In [204]:
import plotly.express as px
import pandas as pd

In [205]:
transactions = pd.read_pickle("data/transactions_ranked.pkl")

In [206]:
POCs_last_order_id = (transactions
    .groupby("POC")
    ["ORDER_ID"].max()
    .reset_index()
)

POCs_last_order = (transactions
    .merge(POCs_last_order_id, on=["POC","ORDER_ID"], how="inner")
)

POCs_last_order = (POCs_last_order
    [POCs_last_order["ITEMS_PHYS_CASES"] != 0.0]
    [["POC","SKU_ID"]]
    .copy()
)

In [207]:
transactions = (transactions
    .merge(POCs_last_order_id, on=["POC","ORDER_ID"], how="left", indicator=True)
)

transactions = (transactions
    [transactions["_merge"] == "left_only"]
    .drop(columns="_merge")
)

In [208]:
to_predict = (transactions
    .groupby(["POC","SKU_ID"])
    [["ORDER_PRODUCT_RANK","ORDER_RANK"]].max()
    .reset_index()
)

to_predict_firstorder = to_predict[to_predict["ORDER_PRODUCT_RANK"] == 0].copy()
to_predict_interorder = to_predict[to_predict["ORDER_PRODUCT_RANK"] != 0].copy()

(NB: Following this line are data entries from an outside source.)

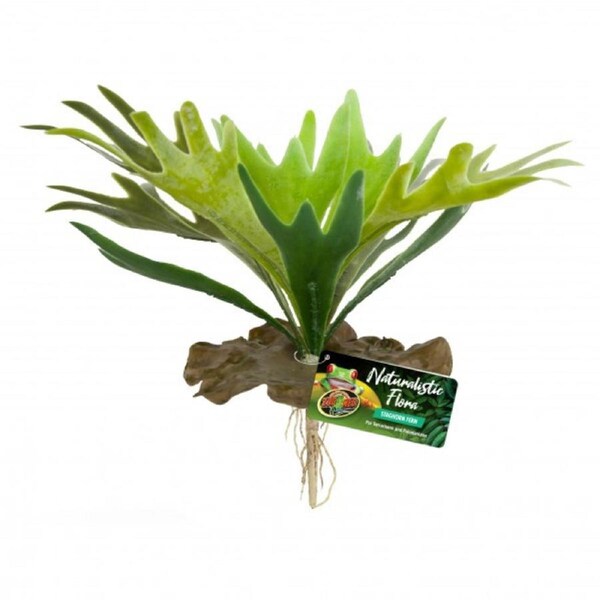 Zoo Med Staghorn Fern (BU-65)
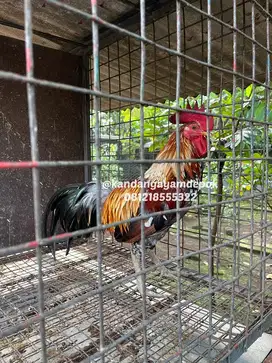 Ayam ketawa jantan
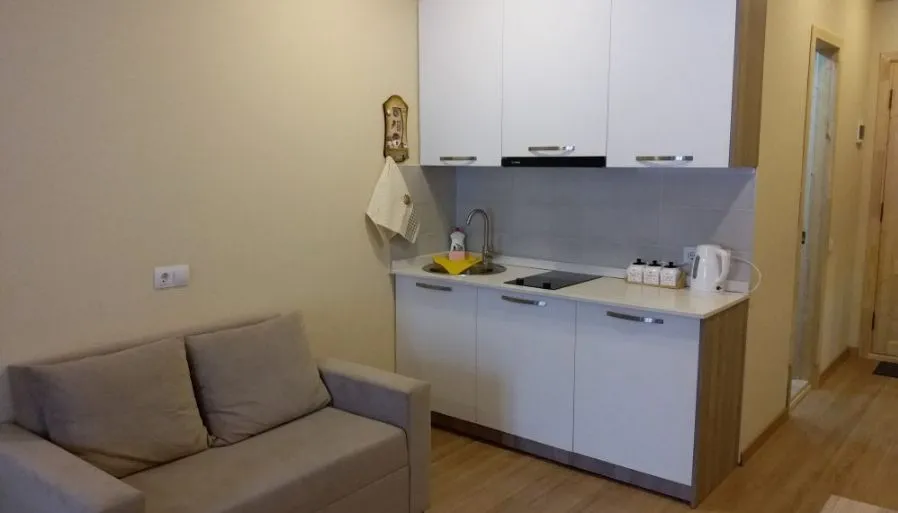 The Valley Residences & Spa Bakuriani — Photo 28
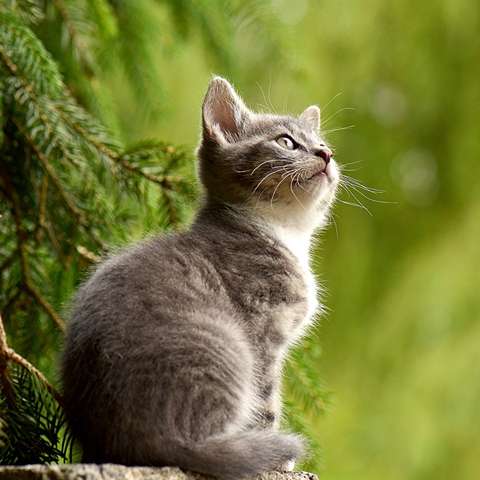 A Guide to Choosing the Purr-fect Cat Litterbox - Happy Little Kitty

to_predict_firstorder = to_predict_firstorder[["POC","SKU_ID","ORDER_RANK"]].copy()
to_predict_firstorder["ORDER_RANK"] += 1

to_predict_interorder["ORDERS_BETWEEN_ORDERS"] = to_predict_interorder["ORDER_RANK"] - to_predict_interorder["ORDER_PRODUCT_RANK"]
to_predict_interorder["ORDERS_BETWEEN_ORDERS"] += 1
to_predict_interorder = to_predict_interorder[["POC","SKU_ID","ORDERS_BETWEEN_ORDERS"]].copy()

In [209]:
firstorder_model = pd.read_pickle("models/probabilistic/first_order_rates.pkl")
interorders_model = pd.read_pickle("models/probabilistic/inter_orders_rates.pkl")

firstorder_model = firstorder_model[["SKU_ID","ORDER_RANK","RATE_cumsum"]].copy()
interorders_model = interorders_model[["SKU_ID","ORDERS_BETWEEN_ORDERS","RATE_cumsum"]].copy()

In [210]:
prediction_firstorder = to_predict_firstorder.merge(firstorder_model, on=["SKU_ID","ORDER_RANK"], how="inner")
prediction_interorder = to_predict_interorder.merge(interorders_model, on=["SKU_ID","ORDERS_BETWEEN_ORDERS"], how="inner")

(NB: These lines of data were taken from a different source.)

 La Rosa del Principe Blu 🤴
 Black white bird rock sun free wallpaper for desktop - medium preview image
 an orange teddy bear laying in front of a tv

prediction_firstorder = prediction_firstorder[["POC","SKU_ID","RATE_cumsum"]]
prediction_interorder = prediction_interorder[["POC","SKU_ID","RATE_cumsum"]]

prediction = pd.concat([prediction_firstorder, prediction_interorder], ignore_index=True, axis=0)
prediction = prediction.sort_values(["POC","RATE_cumsum"], ascending=False)

prediction["SKUID_rank"] = prediction.groupby("POC")["RATE_cumsum"].rank(method="first", ascending=False)
prediction["SKUID_rank"] = prediction["SKUID_rank"].astype(int)

In [211]:
N_predictions = 5

prediction = prediction[prediction["SKUID_rank"] <= N_predictions].copy()

prediction = prediction.merge(prediction["POC"].value_counts().reset_index())
prediction = (prediction
    [prediction["count"] == N_predictions]
    .drop(columns="count")
    .copy()
)

In [212]:
prediction.to_pickle("predictions/probabilistic.pkl")

Test accuracy

In [213]:
test_accuracy = prediction.merge(POCs_last_order, on=["POC","SKU_ID"], how="left", indicator=True)
test_accuracy["_merge"].value_counts()/len(test_accuracy)

_merge
left_only     0.790126
both          0.209874
right_only    0.000000
Name: count, dtype: float64